Usage

You can deal with DORA in two different ways: as a command-line interface (CLI) or as a RESTful Web API. If you’re planning to deploy DORA on Heroku, Google App Engine or other PaaS, it is very unlikely that you ever touch the CLI.

The CLI was created with one simple intent in mind: provide an easy way to deal with DORA in IaaS services (like Google Compute Engine or Amazon EC2) or on your own machine. If you just want to try it out, you can easily install DORA and its core dependencies and run locally with a simple command like dora start.

The Web API provides the main functionality of the service, which is the capability of doing DNS queries over a REST architecture. Once the service is already deployed and ready to be consumed, you, your service/app/script or your customer can start querying with HTTP requests like GET endpoint/dora/mx/domain.com.

Command-line interface

The CLI will expect at least one action or flag. If none is provided, DORA will warns the user and exit with code 1:

user@machine:~$ dora

DORA: missing operand.
Try 'dora --help' for more information.

When providing the --help flag, this is what the user should see:

user@machine:~$ dora --help

usage: dora [-h] [-v] [--copyright] {start} ...

DORA's command-line interface.

DORA is a web application that provides a simple
API for DNS querying through a REST architecture.

positional arguments:
  {start}        DORA commands
    start        starts DORA's service

optional arguments:
  -h, --help     show this help message and exit
  -v, --version  show the application version and exit
  --copyright    show the copyright information and exit

This is a Free and Open-Source Software (FOSS).
Licensed under the MIT License.

Project page: <https://github.com/caianrais/dora>

Subcommand structure

DORA tries to establish a git-like interface, where the top-level command is dora itself and the subcommands are treated like actions. In the positional arguments section of the help message, a list of subcommands will be shown.

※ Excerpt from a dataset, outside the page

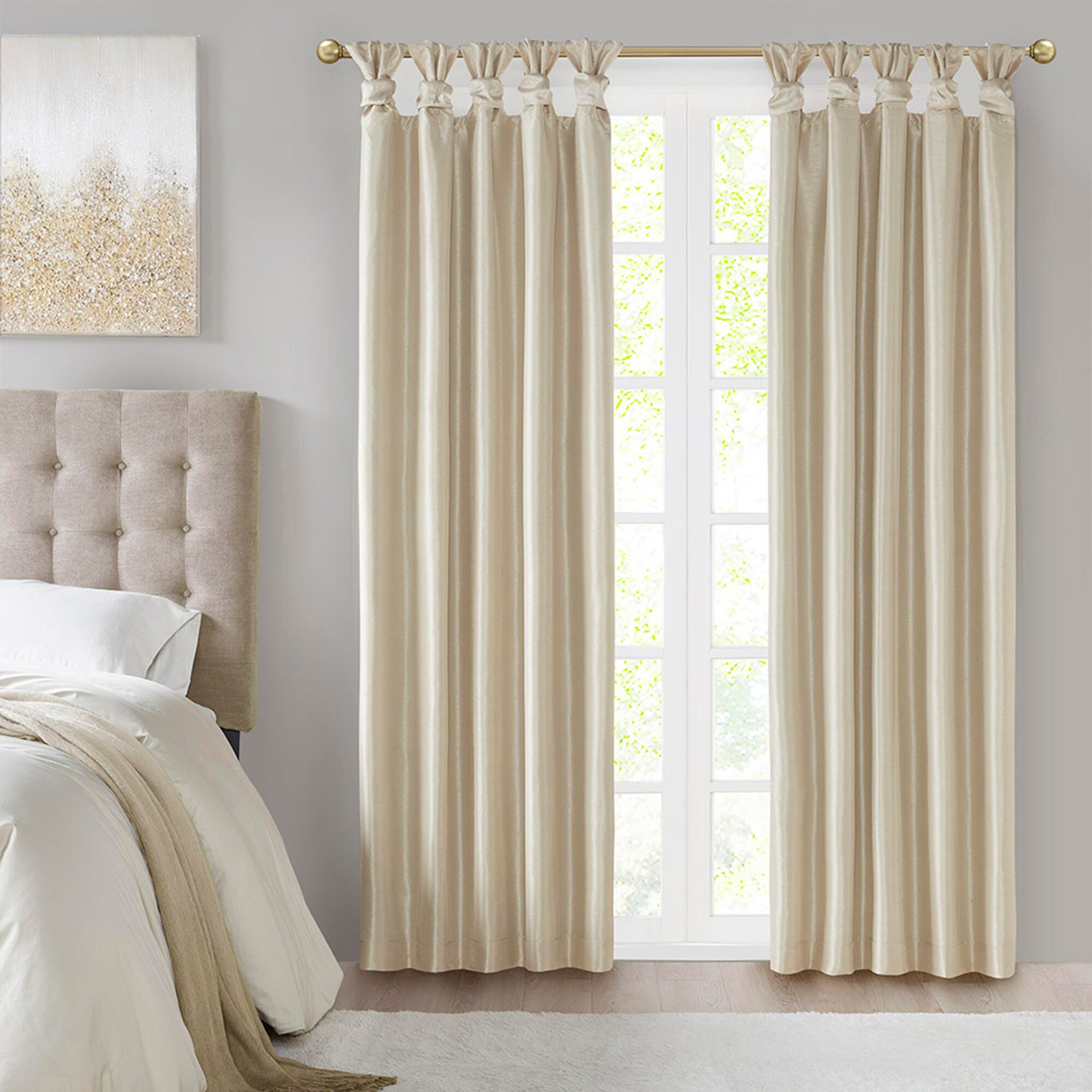 Madison Park Lillian Emilia Twist Tab Total Blackout Window Curtain, Champagne, large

The start action (which is a subcommand of DORA), for example, will provide a completely different output to the user when binded with the --help flag:

user@machine:~$ dora start --help

optional arguments:
-h, --help            show this help message and exit
-p PORT, --port PORT  sets the port number the application will listen to
                      default value: 80
-d, --debug           enable debug mode

Running locally

Provided that you’ve successfully installed DORA on your system, just use the start subcommand. On the example below, the TCP port number was specified along with debug mode:

user@machine:~$ dora start --port 8080 --debug

* Running on http://0.0.0.0:8080/ (Press CTRL+C to quit)
* Restarting with stat
* Debugger is active!
* Debugger PIN: 290-185-XXX

Warning

It is important to notice that TCP ports below 1000 are generally protected by the system and cannot be used without superuser privilege. For testing or development, it is best to use a port above 4000, like the 8080.